(Image-text web data)
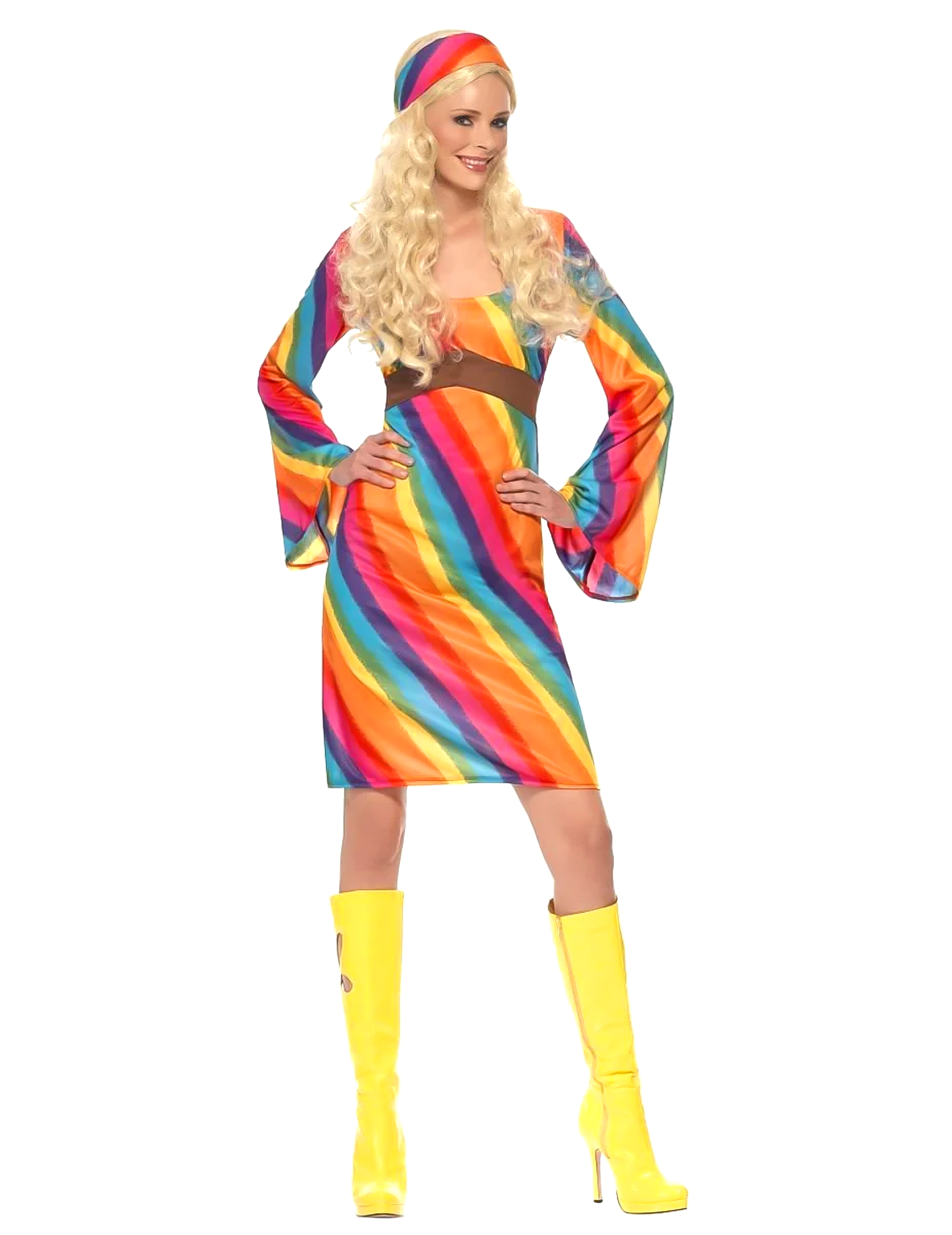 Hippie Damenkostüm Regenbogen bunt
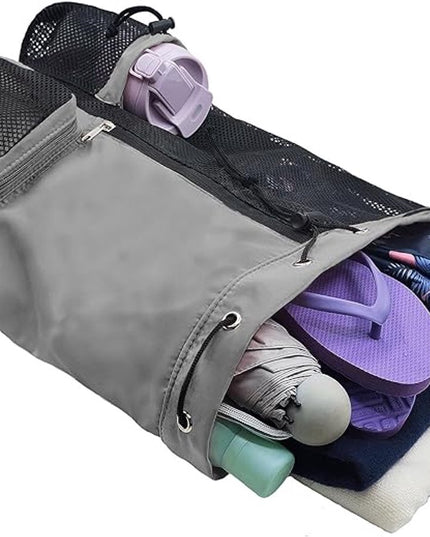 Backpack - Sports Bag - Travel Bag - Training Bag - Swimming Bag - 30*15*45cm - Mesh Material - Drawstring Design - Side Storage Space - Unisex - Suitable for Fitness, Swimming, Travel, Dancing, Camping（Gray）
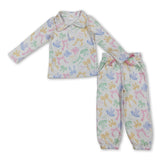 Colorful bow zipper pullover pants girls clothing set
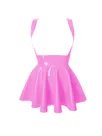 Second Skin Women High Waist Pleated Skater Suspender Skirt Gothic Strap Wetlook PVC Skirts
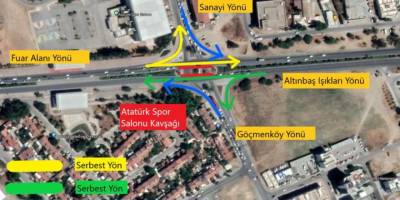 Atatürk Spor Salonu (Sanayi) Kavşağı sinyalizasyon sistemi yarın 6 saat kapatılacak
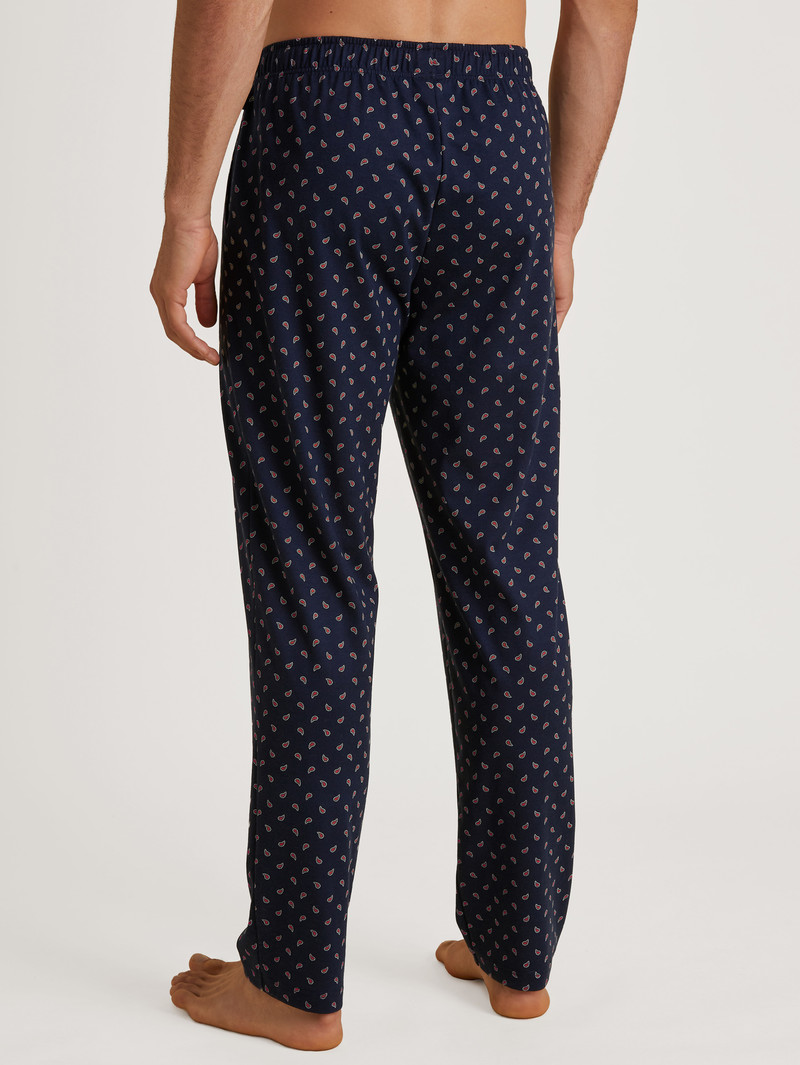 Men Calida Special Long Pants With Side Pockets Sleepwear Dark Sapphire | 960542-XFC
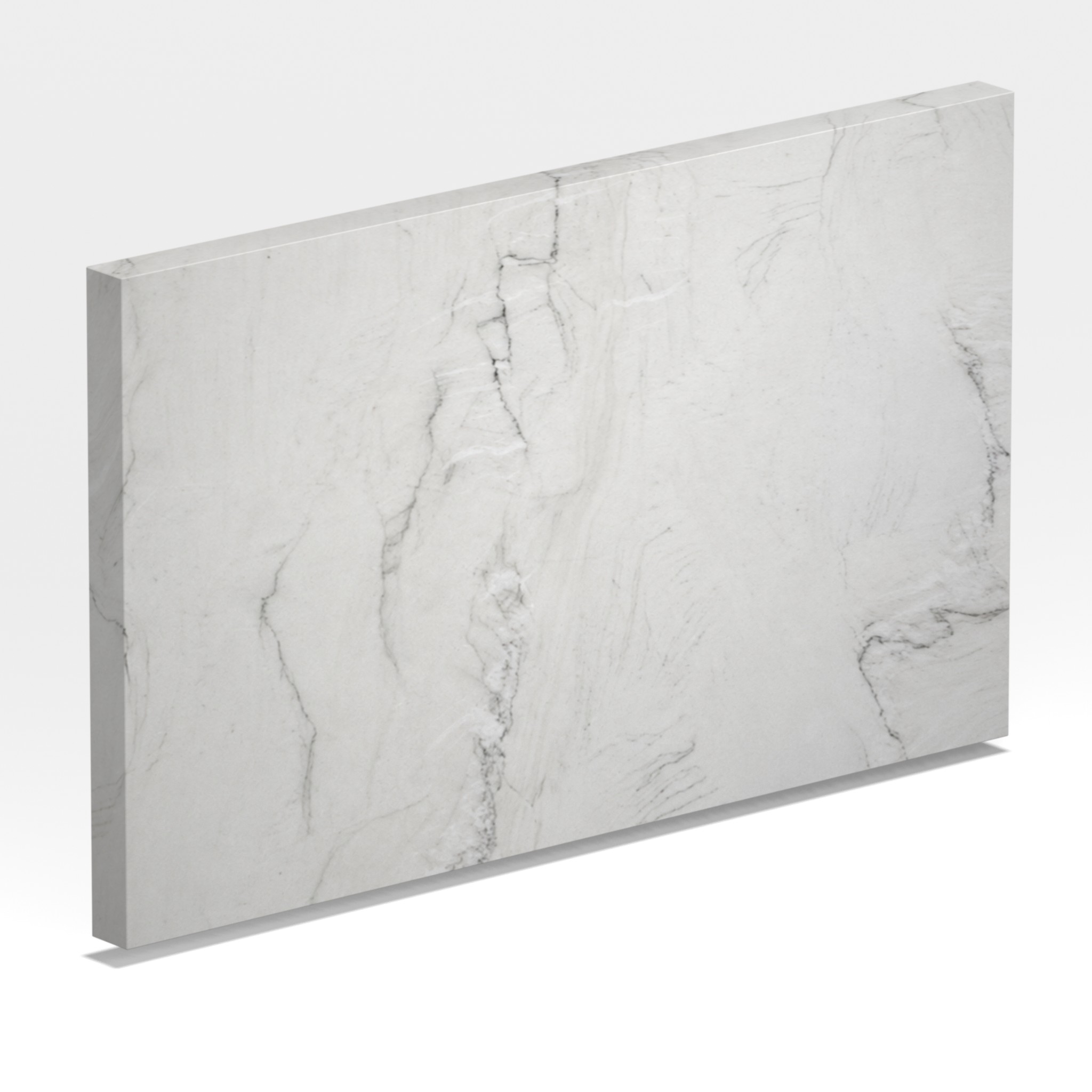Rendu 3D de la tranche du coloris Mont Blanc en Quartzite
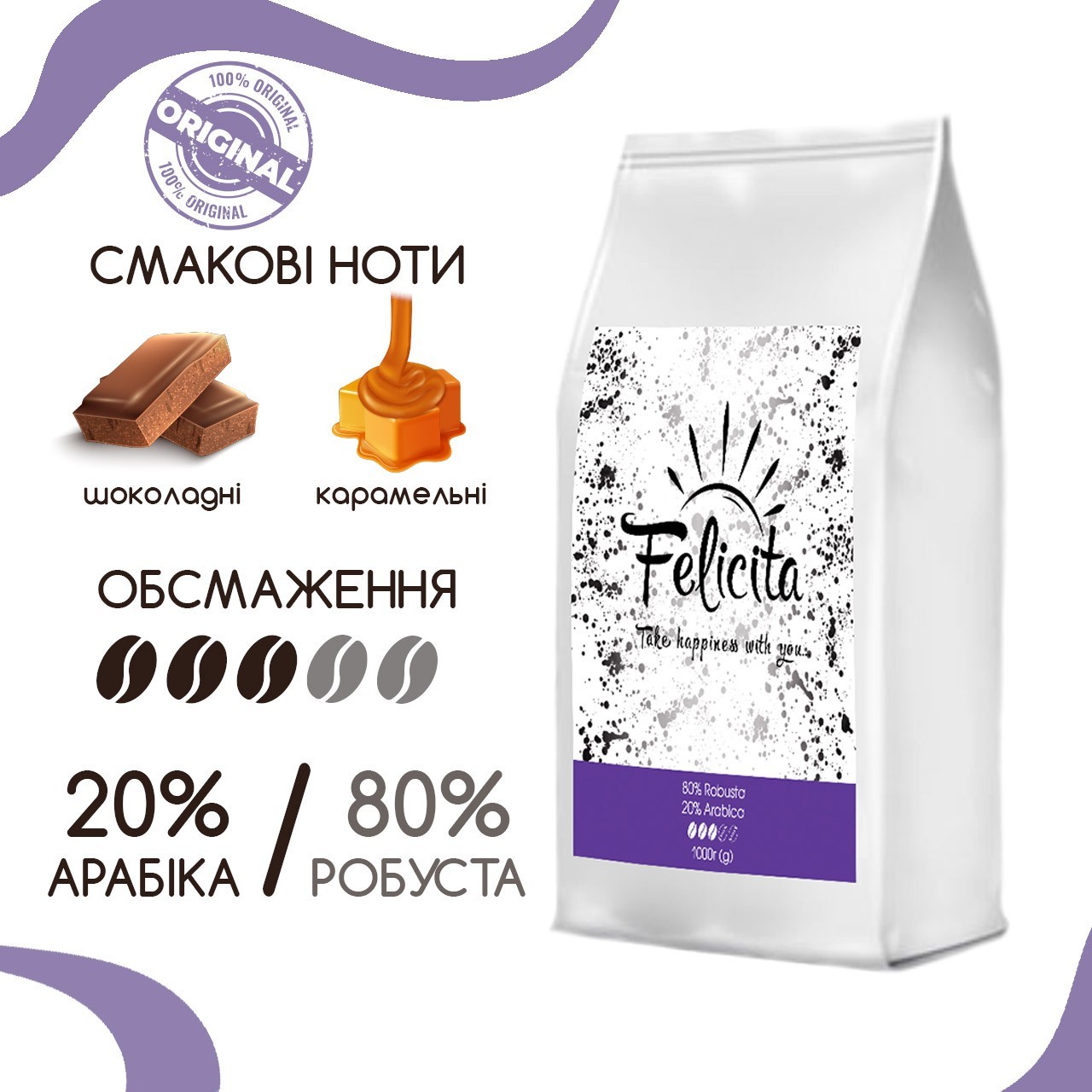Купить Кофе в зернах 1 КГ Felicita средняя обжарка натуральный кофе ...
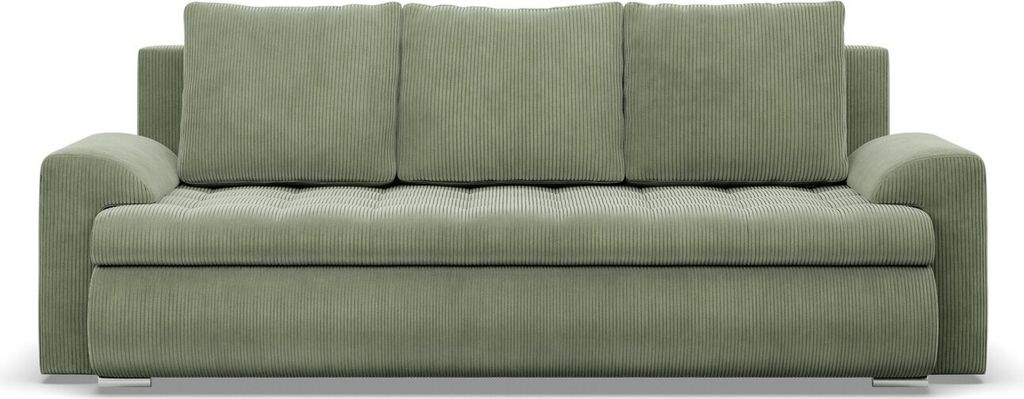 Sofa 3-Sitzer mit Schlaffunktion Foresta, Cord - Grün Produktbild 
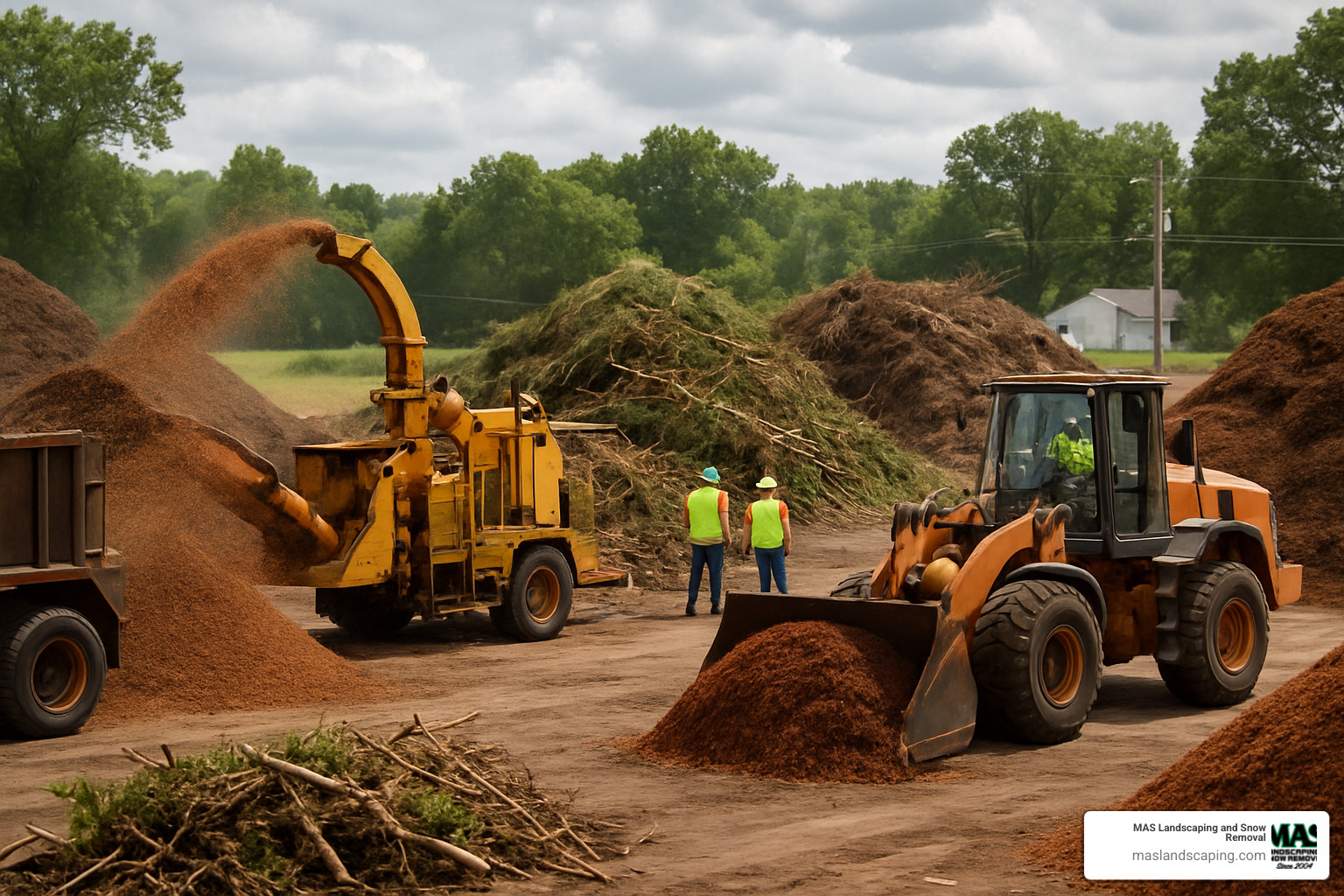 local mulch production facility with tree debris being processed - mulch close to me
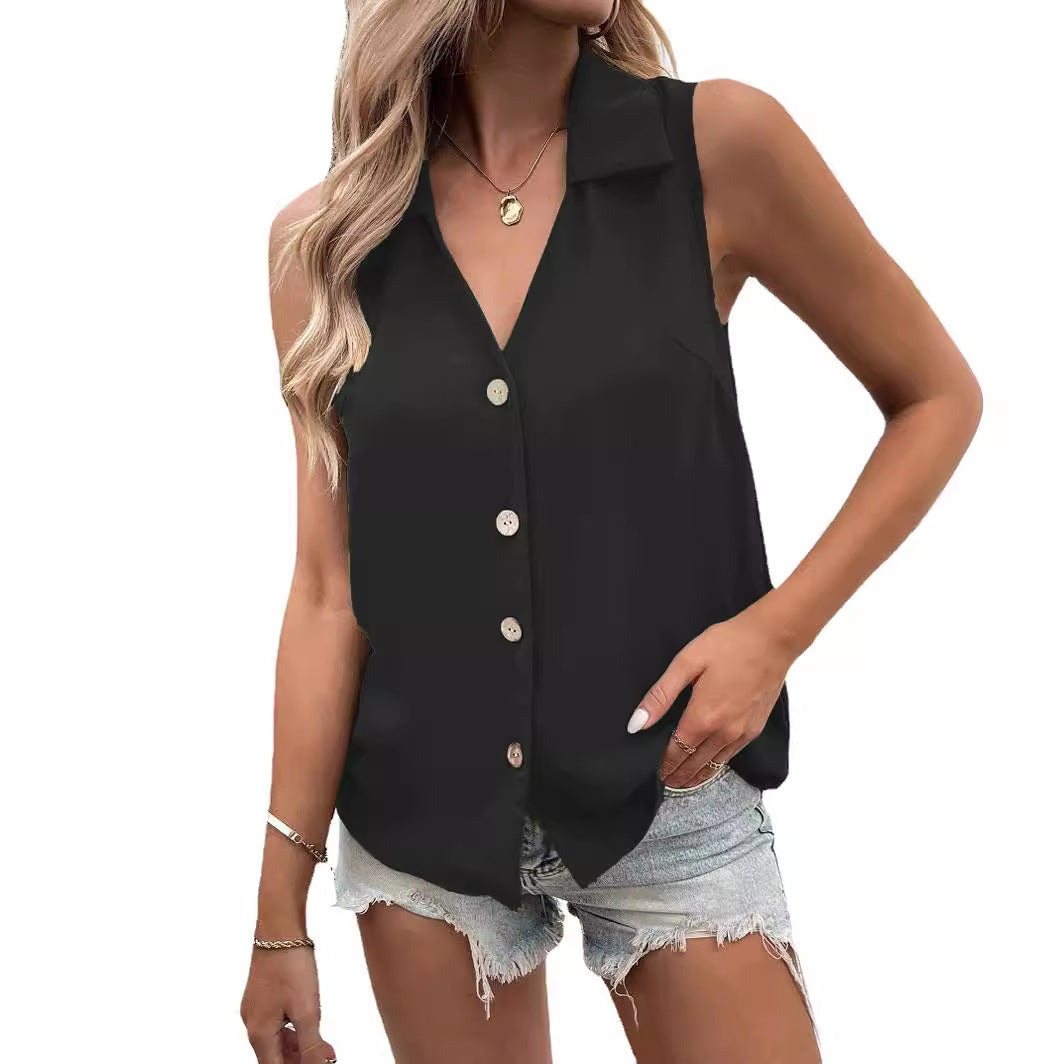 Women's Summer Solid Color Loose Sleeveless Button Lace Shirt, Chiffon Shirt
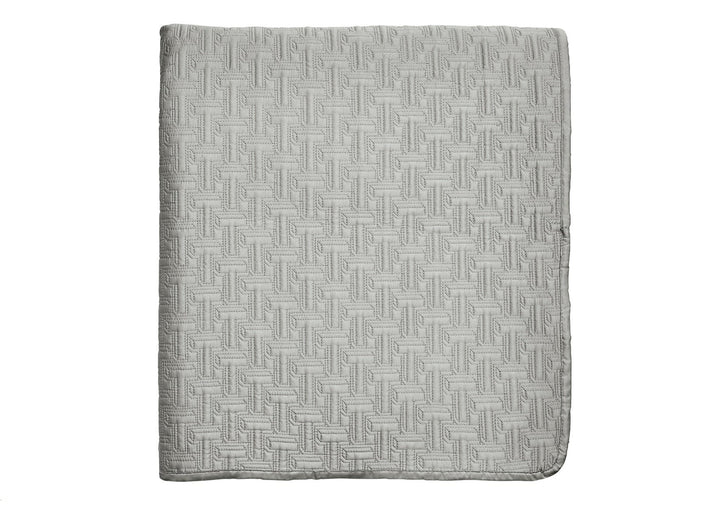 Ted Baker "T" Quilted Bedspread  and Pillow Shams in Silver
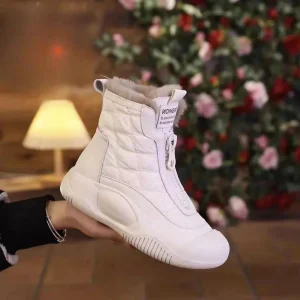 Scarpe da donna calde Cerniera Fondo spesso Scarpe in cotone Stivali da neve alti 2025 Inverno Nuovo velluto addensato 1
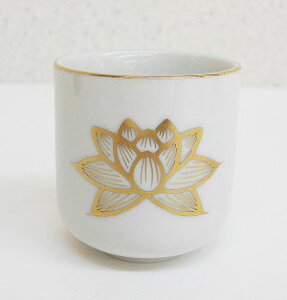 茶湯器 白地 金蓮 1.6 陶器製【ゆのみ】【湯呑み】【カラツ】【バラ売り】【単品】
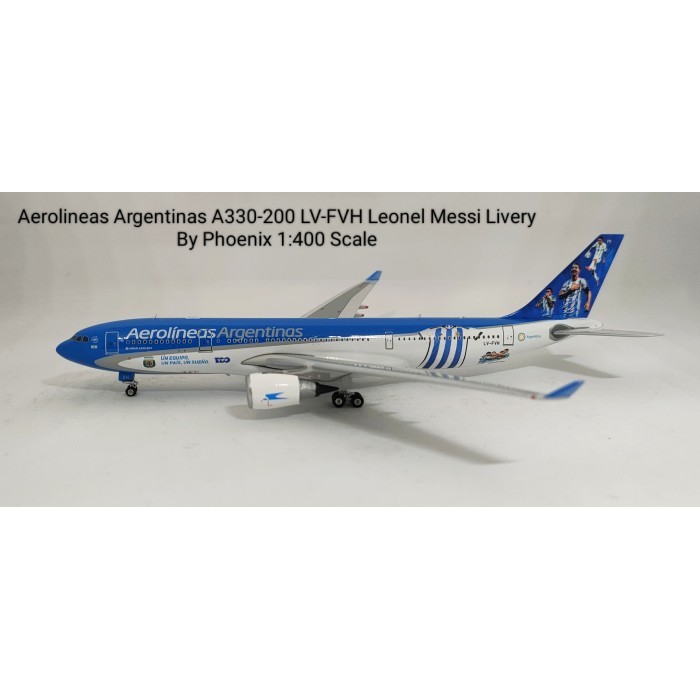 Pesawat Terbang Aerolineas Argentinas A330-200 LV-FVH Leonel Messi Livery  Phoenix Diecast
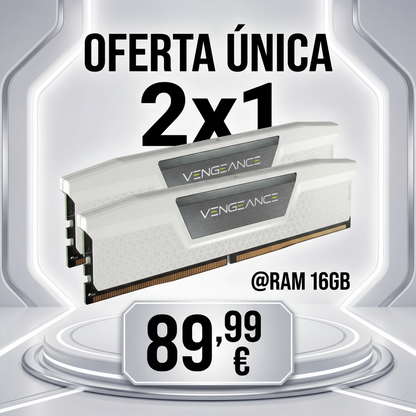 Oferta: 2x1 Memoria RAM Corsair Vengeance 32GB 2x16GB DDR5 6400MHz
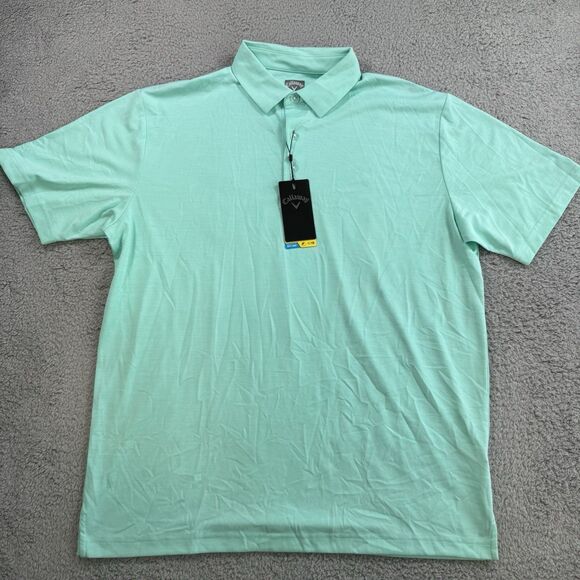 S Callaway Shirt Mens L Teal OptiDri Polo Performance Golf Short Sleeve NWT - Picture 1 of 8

▶ **Assignment**
From the entries above, copy exactly the lines starting at the one with "Shams in Silver" and stopping at the one with "Oferta: 2x1 Memoria", keeping both ends. Drop the pictures.

▶ **Response below**
 Ted Baker "T" Quilted Bedspread  and Pillow Shams in Silver
 Scarpe da donna calde Cerniera Fondo spesso Scarpe in cotone Stivali da neve alti 2025 Inverno Nuovo velluto addensato 1
 茶湯器 白地 金蓮 1.6 陶器製【ゆのみ】【湯呑み】【カラツ】【バラ売り】【単品】
 Pesawat Terbang Aerolineas Argentinas A330-200 LV-FVH Leonel Messi Livery  Phoenix Diecast
 Oferta: 2x1 Memoria RAM Corsair Vengeance 32GB 2x16GB DDR5 6400MHz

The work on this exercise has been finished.